Don’t you hate that sinking feeling you get when you find out you’re wearing Goochi loafers and a Rolodex watch? Your Mona Lisa is signed by Leonard DaVinci. All that money in your wallet has Art Linkletter’s picture on it. You have a gold American Espresso Card. Worst of all, you are driving a Limburgergini.
People don’t hate fake things. Oh, they’d rather have real things—real teeth, real hair, real tomato ketchup. But as long as it’s a conscious and informed choice, people are fine with it. What they hate is being duped into thinking something fake is real. Then they get angry.
Hence, the uproar over the recent discovery of the posting of fake book reviews. Like most controversies suddenly “discovered” by the media, this has actually been going on for a while. In fact, I’ve touched on this in some previous articles. I won’t bother with a link because I’m not trying to set myself up as some sort of fake Nostradamus.
Posting or facilitating the posting of fake reviews is unethical. There is no way around that. You can engage in moral equivalency all you like, but it is simply wrong and people know it is wrong. It is intentional deception.
From what I can tell by examining the facts as reported, there are three types of fake reviews:
An author sets up multiple accounts to post glowing reviews of his/her own book under other identities to give the impression the book is popular and well-written.
Bought Bulk Reviews
There are outfits that will sell authors bundles of good reviews. Again, the purpose is to mislead the prospective buyer about the popularity of the book.
Tactical Assault Reviews
These are negative reviews of another author’s book designed to tank a perceived competitor’s ranking or standing, driving the perpetrator’s book up in comparison.
All of these strategies are forms of astroturfing, which is nothing more than trying to influence public opinion with faked or manipulated data. This practice is in wide use in marketing and politics. It is seedy. It is unethical. Nevertheless one must assume it provides results or it would not be in such wide use.
Whether they wish to admit it or not, people are influenced by representations of the popularity of a product. This is why you know that four out of five dentists surveyed recommend sugarless gum for their patients who chew gum.
I tend to be very circumspect about data and particularly pronouncements that profess to be based on data. It is too easy to cherry-pick to get the results you want.
If your book about dragons has twelve 5-star ratings and is presented next to another book about dragons with one hundred 5-star ratings, the chances a prospective buyer will select your book will be diminished.
If you discover a considerable portion or all of those hundred 5-star ratings are actually fake, you are going to suffer a bout of self-righteous indignation. You played by the rules and suffered for it. The cheater got ahead and is crying crocodile tears all the way to the bank while you still labor in obscurity.
Have a good pout and then put your big kid pants on because I have a news flash for you: Life is not fair. Expecting life to treat you fair because you are a good person is like expecting a bull not to charge you because you are a vegetarian. There are some bad actors out there, but the real problem is that the system is flawed.
Book reviews have become a commodity. Like all commodities, where there is a demand, there will be someone and some means to meet it. We might be able to agree that purchasing a bundle of good reviews is dead wrong. Perhaps more accurately it is at the darker end of a broad band of an ethically gray area.

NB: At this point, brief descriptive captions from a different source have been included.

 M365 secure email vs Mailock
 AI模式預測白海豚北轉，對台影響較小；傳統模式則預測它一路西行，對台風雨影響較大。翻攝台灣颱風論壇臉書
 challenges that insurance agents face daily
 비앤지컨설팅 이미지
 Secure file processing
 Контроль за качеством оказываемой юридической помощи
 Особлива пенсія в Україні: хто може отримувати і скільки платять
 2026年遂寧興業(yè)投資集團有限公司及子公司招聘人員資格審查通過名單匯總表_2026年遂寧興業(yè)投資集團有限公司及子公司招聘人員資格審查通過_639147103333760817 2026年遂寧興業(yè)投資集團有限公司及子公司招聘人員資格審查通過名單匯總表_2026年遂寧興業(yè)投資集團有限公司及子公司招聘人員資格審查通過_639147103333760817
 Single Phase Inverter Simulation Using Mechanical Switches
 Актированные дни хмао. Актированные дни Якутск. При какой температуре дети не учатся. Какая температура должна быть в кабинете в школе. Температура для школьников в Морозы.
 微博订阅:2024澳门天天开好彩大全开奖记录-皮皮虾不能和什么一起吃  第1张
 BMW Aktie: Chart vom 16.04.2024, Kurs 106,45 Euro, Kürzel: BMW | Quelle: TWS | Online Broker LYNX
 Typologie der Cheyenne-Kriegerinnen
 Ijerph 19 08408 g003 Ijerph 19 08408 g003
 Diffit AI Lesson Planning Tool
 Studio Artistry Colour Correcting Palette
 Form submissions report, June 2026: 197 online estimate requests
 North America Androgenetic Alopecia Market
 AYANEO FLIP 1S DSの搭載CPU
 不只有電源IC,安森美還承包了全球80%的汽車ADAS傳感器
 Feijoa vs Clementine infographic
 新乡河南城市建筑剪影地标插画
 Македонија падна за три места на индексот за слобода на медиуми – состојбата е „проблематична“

Have you ever asked friends or relatives to post a review for you? Do you really think those reviews are completely unbiased? Have you perhaps traded reviews with another author? Can you say without even a modicum of doubt that your review of their book was not tinted even an iota by their review of yours?
There are many shades of gray—fifty, I’m told. Buying reviews or maliciously posting negative reviews of another author is not something I have ever done or ever will do, but I do know this is a rough game. Follow the dictates of your own conscience in these regards and let others do as they will. As my boys used to say, “Don’t hate the player, hate the game.”